The Tailspin scenario
Tailspin is a fictional company that is developing a SaaS application named Surveys. This application enables organizations to create and publish online surveys.
- An organization can sign up for the application.
- After the organization is signed up, users can sign into the application with their organizational credentials.
- Users can create, edit, and publish surveys.
To get started with the application, see the GitHub readme.
Users can create, edit, and view surveys
An authenticated user can view all the surveys that he or she has created or has contributor rights to, and create new surveys. Notice that the user is signed in with his organizational identity,
This screenshot shows the Edit Survey page:
Users can also view any surveys created by other users within the same tenant.
Survey owners can invite contributors
When a user creates a survey, he or she can invite other people to be contributors on the survey. Contributors can edit the survey, but cannot delete or publish it.
A user can add contributors from other tenants, which enables cross-tenant sharing of resources. In this screenshot, Bob (
email@example.com) is adding Alice (
firstname.lastname@example.org) as a contributor to a survey that Bob created.
When Alice logs in, she sees the survey listed under "Surveys I can contribute to".
Note that Alice signs into her own tenant, not as a guest of the Contoso tenant. Alice has contributor permissions only for that survey — she cannot view other surveys from the Contoso tenant.

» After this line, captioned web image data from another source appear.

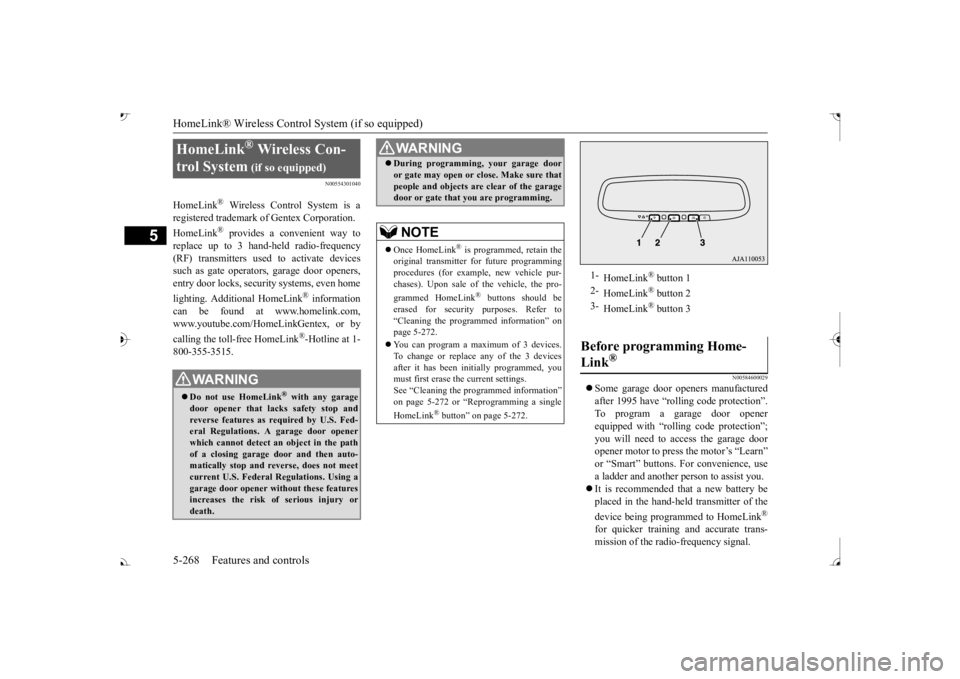 MITSUBISHI OUTLANDER III 2017  Owners Manual HomeLink® Wireless Control System (if so equipped) 5-268 Features and controls
5
N00554301040
HomeLink
® Wireless Contro 
l System is a 
registered trademark of Gentex Corporation. HomeLink
® provi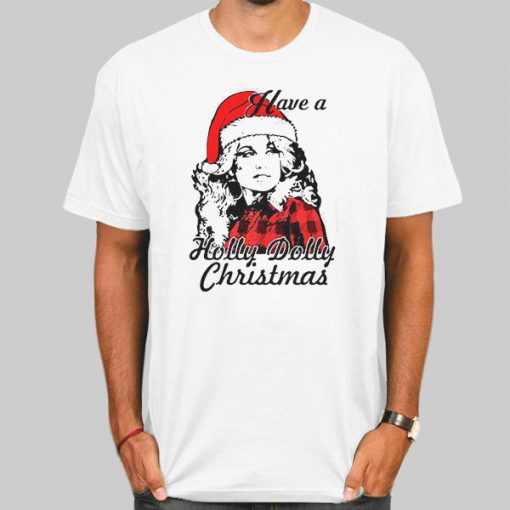 Have a Holly Dolly Christmas Shirt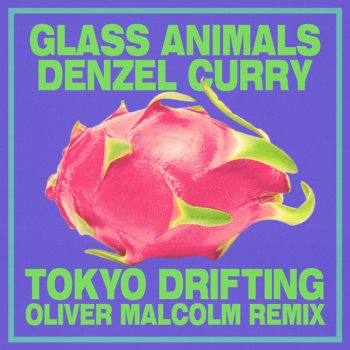 Glass Animals feat. Denzel Curry & Oliver Malcolm Tokyo Drifting - Oliver Malcolm Remix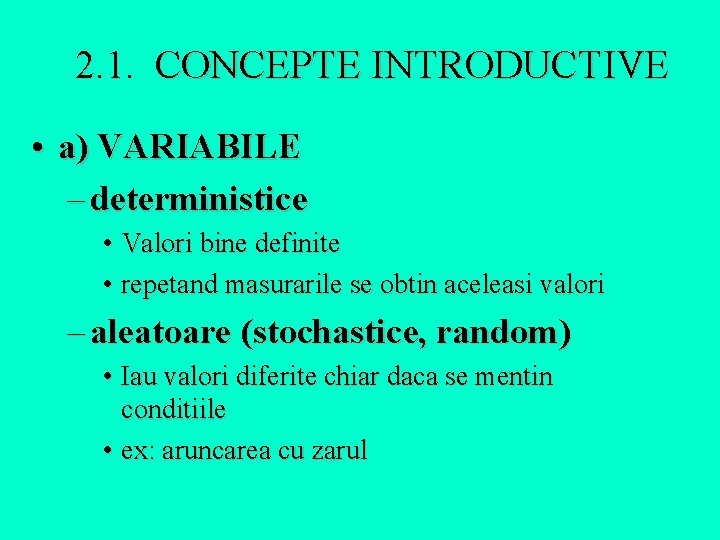 2. 1. CONCEPTE INTRODUCTIVE • a) VARIABILE – deterministice • Valori bine definite •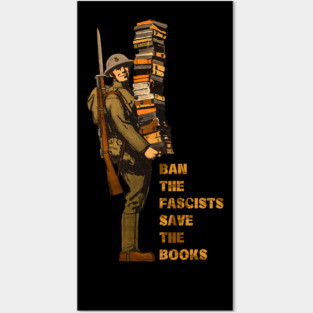 Ban the fascists save the books Posters and Art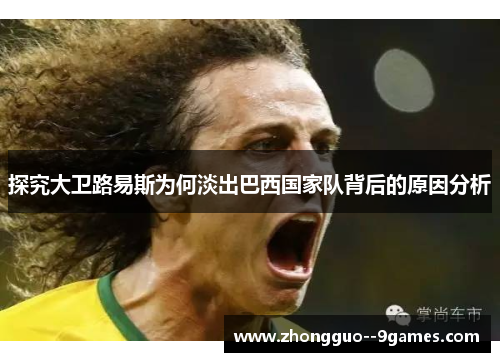 探究大卫路易斯为何淡出巴西国家队背后的原因分析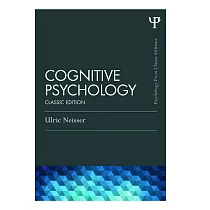 Cognitive Psychology： Classic Edition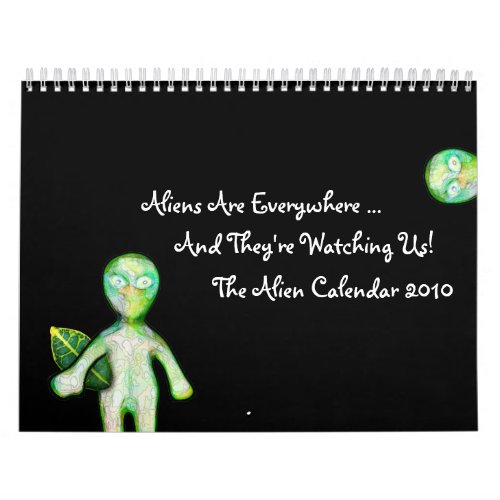 The 2010 aLiEn Calendar! calendar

The Surveys application consists of a web front end and a web API backend. Both are implemented using ASP.NET Core.
The web application uses Azure Active Directory (Azure AD) to authenticate users. The web application also calls Azure AD to get OAuth 2 access tokens for the Web API. Access tokens are cached in Azure Cache for Redis. The cache enables multiple instances to share the same token cache (for example, in a server farm).